WHAT YOU WILL DO: Please reproduce, exactly and with nothing added, the line containing "best u.s. online casinos" and every line after it to the end of the records.

Source data
+-------+
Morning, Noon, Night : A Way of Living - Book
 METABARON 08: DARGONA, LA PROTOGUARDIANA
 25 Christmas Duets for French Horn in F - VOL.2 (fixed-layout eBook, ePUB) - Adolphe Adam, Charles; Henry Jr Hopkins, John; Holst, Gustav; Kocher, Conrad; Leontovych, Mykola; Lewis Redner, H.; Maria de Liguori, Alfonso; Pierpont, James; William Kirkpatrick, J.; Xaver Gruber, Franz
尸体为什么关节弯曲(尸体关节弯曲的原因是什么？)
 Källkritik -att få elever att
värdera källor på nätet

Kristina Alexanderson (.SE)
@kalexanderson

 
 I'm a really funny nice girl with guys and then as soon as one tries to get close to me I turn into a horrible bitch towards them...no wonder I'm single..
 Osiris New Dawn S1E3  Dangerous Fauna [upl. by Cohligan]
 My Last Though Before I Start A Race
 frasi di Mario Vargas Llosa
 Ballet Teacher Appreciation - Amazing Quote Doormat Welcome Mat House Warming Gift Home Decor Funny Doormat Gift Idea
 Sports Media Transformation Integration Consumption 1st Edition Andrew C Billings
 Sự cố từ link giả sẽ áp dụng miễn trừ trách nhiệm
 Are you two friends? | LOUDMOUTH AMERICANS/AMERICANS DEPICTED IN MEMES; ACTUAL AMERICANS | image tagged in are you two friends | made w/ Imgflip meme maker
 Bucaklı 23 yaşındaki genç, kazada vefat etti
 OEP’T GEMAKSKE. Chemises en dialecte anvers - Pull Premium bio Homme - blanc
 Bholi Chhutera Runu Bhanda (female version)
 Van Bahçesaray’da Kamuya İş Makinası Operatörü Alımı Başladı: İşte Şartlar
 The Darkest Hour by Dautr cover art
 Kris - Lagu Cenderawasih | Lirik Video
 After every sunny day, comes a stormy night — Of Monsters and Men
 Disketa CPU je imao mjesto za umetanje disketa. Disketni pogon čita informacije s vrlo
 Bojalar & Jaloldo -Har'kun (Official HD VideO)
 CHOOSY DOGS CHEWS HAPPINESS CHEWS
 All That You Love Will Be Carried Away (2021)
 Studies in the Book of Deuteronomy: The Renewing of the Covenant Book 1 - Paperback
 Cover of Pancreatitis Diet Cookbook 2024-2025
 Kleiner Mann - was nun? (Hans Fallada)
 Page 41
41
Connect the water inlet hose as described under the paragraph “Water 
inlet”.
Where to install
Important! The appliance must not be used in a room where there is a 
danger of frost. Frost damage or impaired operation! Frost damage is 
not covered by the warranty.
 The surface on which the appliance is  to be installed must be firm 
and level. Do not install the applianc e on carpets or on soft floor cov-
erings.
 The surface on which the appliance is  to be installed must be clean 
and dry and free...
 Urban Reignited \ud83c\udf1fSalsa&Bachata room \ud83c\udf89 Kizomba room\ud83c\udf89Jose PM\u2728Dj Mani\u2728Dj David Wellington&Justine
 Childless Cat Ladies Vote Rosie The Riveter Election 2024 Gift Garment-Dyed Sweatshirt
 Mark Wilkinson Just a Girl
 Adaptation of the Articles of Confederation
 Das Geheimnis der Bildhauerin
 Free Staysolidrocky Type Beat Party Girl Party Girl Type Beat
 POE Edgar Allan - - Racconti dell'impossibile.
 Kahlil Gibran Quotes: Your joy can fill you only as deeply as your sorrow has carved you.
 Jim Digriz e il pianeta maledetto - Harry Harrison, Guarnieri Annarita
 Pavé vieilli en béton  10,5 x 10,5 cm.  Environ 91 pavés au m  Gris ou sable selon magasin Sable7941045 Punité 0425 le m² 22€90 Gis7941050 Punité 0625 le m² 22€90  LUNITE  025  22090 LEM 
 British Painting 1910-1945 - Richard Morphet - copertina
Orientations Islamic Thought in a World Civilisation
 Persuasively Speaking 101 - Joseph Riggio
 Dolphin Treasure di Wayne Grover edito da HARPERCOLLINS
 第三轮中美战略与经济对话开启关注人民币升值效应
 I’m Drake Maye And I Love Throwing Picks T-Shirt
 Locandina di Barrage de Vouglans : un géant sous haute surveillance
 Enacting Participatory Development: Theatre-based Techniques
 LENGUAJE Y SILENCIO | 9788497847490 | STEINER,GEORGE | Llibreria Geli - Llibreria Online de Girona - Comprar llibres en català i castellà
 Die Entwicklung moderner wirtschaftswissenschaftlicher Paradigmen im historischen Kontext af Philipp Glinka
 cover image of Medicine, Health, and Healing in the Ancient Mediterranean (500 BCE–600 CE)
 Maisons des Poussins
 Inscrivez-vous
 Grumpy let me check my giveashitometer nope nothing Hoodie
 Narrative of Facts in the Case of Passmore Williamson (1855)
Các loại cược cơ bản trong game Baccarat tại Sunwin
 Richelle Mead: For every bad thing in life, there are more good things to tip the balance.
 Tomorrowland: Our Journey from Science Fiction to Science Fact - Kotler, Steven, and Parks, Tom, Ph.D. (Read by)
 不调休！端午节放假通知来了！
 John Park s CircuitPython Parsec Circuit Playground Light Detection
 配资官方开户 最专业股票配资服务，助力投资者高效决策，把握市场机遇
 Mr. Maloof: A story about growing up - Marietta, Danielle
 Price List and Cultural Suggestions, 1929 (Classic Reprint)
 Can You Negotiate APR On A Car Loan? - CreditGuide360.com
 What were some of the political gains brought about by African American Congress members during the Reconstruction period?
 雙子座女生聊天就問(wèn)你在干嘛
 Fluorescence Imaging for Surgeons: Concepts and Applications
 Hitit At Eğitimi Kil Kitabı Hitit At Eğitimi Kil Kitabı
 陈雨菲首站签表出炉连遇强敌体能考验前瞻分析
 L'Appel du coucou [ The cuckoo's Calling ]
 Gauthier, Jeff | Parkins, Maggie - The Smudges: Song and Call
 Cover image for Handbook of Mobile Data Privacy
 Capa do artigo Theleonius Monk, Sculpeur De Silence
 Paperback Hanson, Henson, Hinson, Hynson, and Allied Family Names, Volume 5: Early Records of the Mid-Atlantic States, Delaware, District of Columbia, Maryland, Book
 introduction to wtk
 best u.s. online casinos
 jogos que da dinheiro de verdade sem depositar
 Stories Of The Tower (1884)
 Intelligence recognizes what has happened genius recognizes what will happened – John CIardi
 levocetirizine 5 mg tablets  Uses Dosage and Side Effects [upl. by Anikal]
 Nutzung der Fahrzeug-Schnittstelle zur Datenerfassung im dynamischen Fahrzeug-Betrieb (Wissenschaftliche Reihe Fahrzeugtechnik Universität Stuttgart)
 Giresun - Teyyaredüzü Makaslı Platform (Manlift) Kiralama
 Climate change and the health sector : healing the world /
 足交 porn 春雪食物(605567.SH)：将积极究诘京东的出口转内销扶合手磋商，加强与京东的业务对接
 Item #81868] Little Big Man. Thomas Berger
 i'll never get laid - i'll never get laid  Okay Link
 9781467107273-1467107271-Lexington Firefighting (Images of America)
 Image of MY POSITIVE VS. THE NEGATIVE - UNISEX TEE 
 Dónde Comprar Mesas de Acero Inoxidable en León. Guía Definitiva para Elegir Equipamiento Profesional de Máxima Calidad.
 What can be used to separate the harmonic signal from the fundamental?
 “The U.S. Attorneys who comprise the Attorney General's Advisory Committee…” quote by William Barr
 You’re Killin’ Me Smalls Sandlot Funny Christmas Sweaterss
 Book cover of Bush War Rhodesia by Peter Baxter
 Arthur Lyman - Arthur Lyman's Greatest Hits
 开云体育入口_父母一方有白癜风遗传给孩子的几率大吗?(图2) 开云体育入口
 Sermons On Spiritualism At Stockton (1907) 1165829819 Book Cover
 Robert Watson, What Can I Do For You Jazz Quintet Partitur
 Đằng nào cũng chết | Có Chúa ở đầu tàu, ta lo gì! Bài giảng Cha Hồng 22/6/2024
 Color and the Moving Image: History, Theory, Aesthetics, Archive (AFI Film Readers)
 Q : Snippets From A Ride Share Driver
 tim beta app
+-------+
EXERCISE OUTPUT:
 best u.s. online casinos
 jogos que da dinheiro de verdade sem depositar
 Stories Of The Tower (1884)
 Intelligence recognizes what has happened genius recognizes what will happened – John CIardi
 levocetirizine 5 mg tablets  Uses Dosage and Side Effects [upl. by Anikal]
 Nutzung der Fahrzeug-Schnittstelle zur Datenerfassung im dynamischen Fahrzeug-Betrieb (Wissenschaftliche Reihe Fahrzeugtechnik Universität Stuttgart)
 Giresun - Teyyaredüzü Makaslı Platform (Manlift) Kiralama
 Climate change and the health sector : healing the world /
 足交 porn 春雪食物(605567.SH)：将积极究诘京东的出口转内销扶合手磋商，加强与京东的业务对接
 Item #81868] Little Big Man. Thomas Berger
 i'll never get laid - i'll never get laid  Okay Link
 9781467107273-1467107271-Lexington Firefighting (Images of America)
 Image of MY POSITIVE VS. THE NEGATIVE - UNISEX TEE 
 Dónde Comprar Mesas de Acero Inoxidable en León. Guía Definitiva para Elegir Equipamiento Profesional de Máxima Calidad.
 What can be used to separate the harmonic signal from the fundamental?
 “The U.S. Attorneys who comprise the Attorney General's Advisory Committee…” quote by William Barr
 You’re Killin’ Me Smalls Sandlot Funny Christmas Sweaterss
 Book cover of Bush War Rhodesia by Peter Baxter
 Arthur Lyman - Arthur Lyman's Greatest Hits
 开云体育入口_父母一方有白癜风遗传给孩子的几率大吗?(图2) 开云体育入口
 Sermons On Spiritualism At Stockton (1907) 1165829819 Book Cover
 Robert Watson, What Can I Do For You Jazz Quintet Partitur
 Đằng nào cũng chết | Có Chúa ở đầu tàu, ta lo gì! Bài giảng Cha Hồng 22/6/2024
 Color and the Moving Image: History, Theory, Aesthetics, Archive (AFI Film Readers)
 Q : Snippets From A Ride Share Driver
 tim beta app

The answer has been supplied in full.